Crawled caption data
▬▬▬▬▬▬

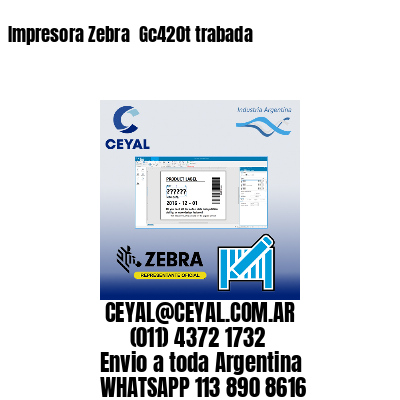 Impresora Zebra  Gc420t trabada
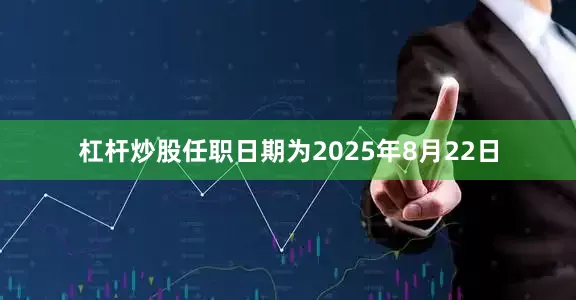 杠杆炒股任职日期为2025年8月22日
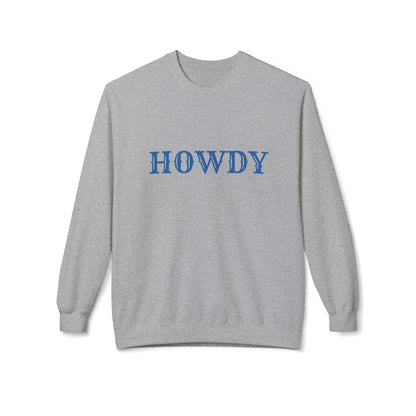 Howdy // Unisex Midweight Softstyle Fleece Crewneck Sweatshirt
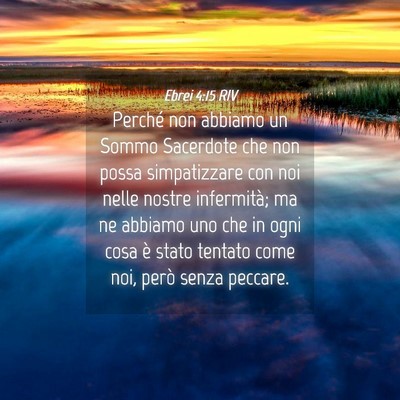 Picture 04 - Ebrei 4:15 RIV - Perché non abbiamo un Sommo Sacerdote che non - Bible Verse Picture
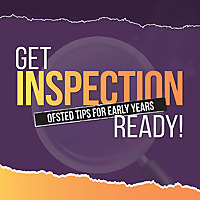 Get Inspection Ready - For Early Years Nurseries and Preschools to Finally Feel Confident for Ofsted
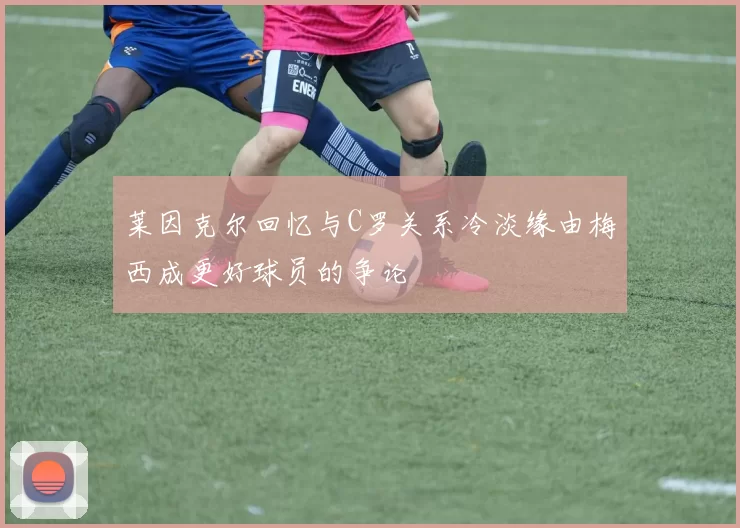 莱因克尔回忆与C罗关系冷淡缘由梅西成更好球员的争论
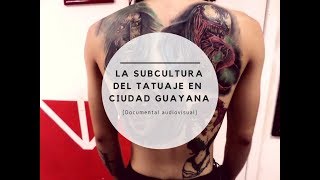 La subcultura del tatuaje en ciudad Guayana (Venezuela)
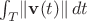 $\int_T \lVert\mathbf v(t)\rVert\,dt$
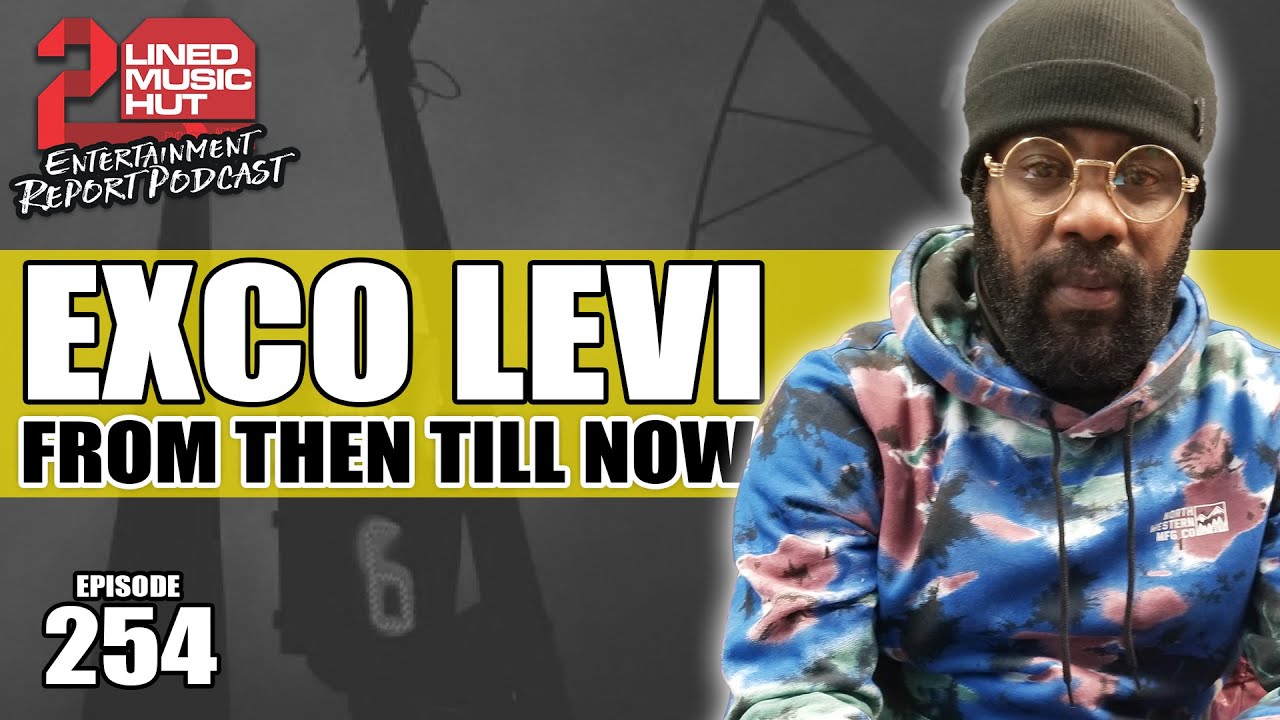 Exco Levi Interview @ Entertainment Report Podcast [2/10/2022]
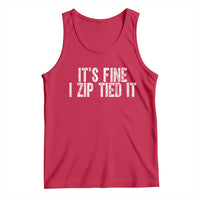 Mechanics Car Guy Tank Top Funny It Is Fine I Zip Tied It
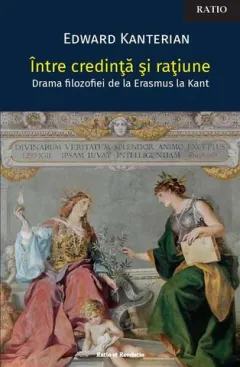 Coperta cărții Între credință și rațiune. Drama filozofiei de la Erasmus la Kant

▬▬▬▬▬▬

## [WORK TASK]
Would you copy out every entry above word for word, without the pictures?

## [OUTPUT OF THE EXERCISE]
 Impresora Zebra  Gc420t trabada
 杠杆炒股任职日期为2025年8月22日
 Howdy // Unisex Midweight Softstyle Fleece Crewneck Sweatshirt
 Picture 04 - Ebrei 4:15 RIV - Perché non abbiamo un Sommo Sacerdote che non - Bible Verse Picture
 Get Inspection Ready - For Early Years Nurseries and Preschools to Finally Feel Confident for Ofsted
 莱因克尔回忆与C罗关系冷淡缘由梅西成更好球员的争论
 La subcultura del tatuaje en ciudad Guayana (Venezuela)
 $\int_T \lVert\mathbf v(t)\rVert\,dt$
 Exco Levi Interview @ Entertainment Report Podcast [2/10/2022]
 Mechanics Car Guy Tank Top Funny It Is Fine I Zip Tied It
 Coperta cărții Între credință și rațiune. Drama filozofiei de la Erasmus la Kant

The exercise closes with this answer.